Il Distretto Commerciale sta per diventare realtà

IVREA. L'assessore uscente Alberto Avetta lascia alla futura giunta alcuni progetti importanti che dovranno essere attuati per lo sviluppo del commercio locale. Il primo riguarda la costituzione del Distretto commerciale del tempo libero che coinvolge non solo Ivrea ma pure diversi comuni della cintura. Tale Distretto sperimentale è il primo in provincia di Torino e il terzo in Piemonte.
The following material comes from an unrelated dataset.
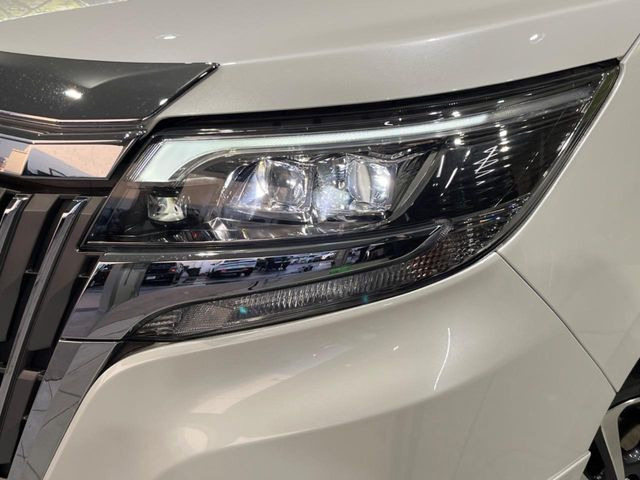 �yLED�w�b�h���C�g�z���V����ԑ��s�����ǍD�Ȏ��E���m�ۂ����S���ĉ^�]�ł��鍂�P�xLED�w�b�h���C�g�𑕔�!�_�����x�������A����d�͂��}�����Ă��܂��B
L'iniziativa è finanziata dalla Regione Piemonte e mira a organizzare e razionalizzare le attività commerciali di Ivrea e dei Comuni limitrofi, per proporre, ad esempio, orari che agevolano gli acquisti dei clienti, come pure le aperture degli esercizi e naturalmente i prodotti. «L'obiettivo è di sviluppare un centro commerciale naturale che si fonda sulla qualità del prodotto proposto - spiega Avetta - del servizio offerto, del rapporto esclusivo con il cliente, della disponibilità nei suoi confronti, della capacità di parlargli, assecondando le sue esigenze. Insomma il commercio dovrà diventare un abito su misura, che valorizza il patrimonio che sta sotto gli occhi di tutti. Nessun centro commerciale potrà mai riprodurre artificiosamente la piacevolezza, il fascino il prestigio di una passeggiata per le vie di Ivrea».
Da alcuni mesi l'assessorato ha inoltre avviato le attività per partecipare al bando regionale sul Piano di Qualificazione Urbana, accedendo ai relativi finanziamenti. Il Piano commerciale è stato adeguato con il nuovo Prg 2000, per permettere la partecipazione e il finanziamento al maggior numero di imprese possibili che, tramite forti agevolazioni, potranno rifare l'arredamento interno, le vetrine eccetera. L'assessorato ha lavorato poi la costituzione degli Organismi Associati di impresa tra amministrazione, Associazioni di Categoria e Imprese commerciali. «Si tratta di enti previsti e co-finanziati dalla legge regionale- puntualizza Avetta - volti a rendere effettive e concrete tutte quelle azioni innovative e promozionali che oggi sono lasciate all'intuito e alla disponibilità di qualche operatore».
Il Comune ha infine progettato di 'rivisitare" completamente l'area del mercato con l'abbattimento delle attuali tettoie e la costruzione di «coperture moderne ed attraenti sia sotto il profilo estetico che funzionale». (g.a.)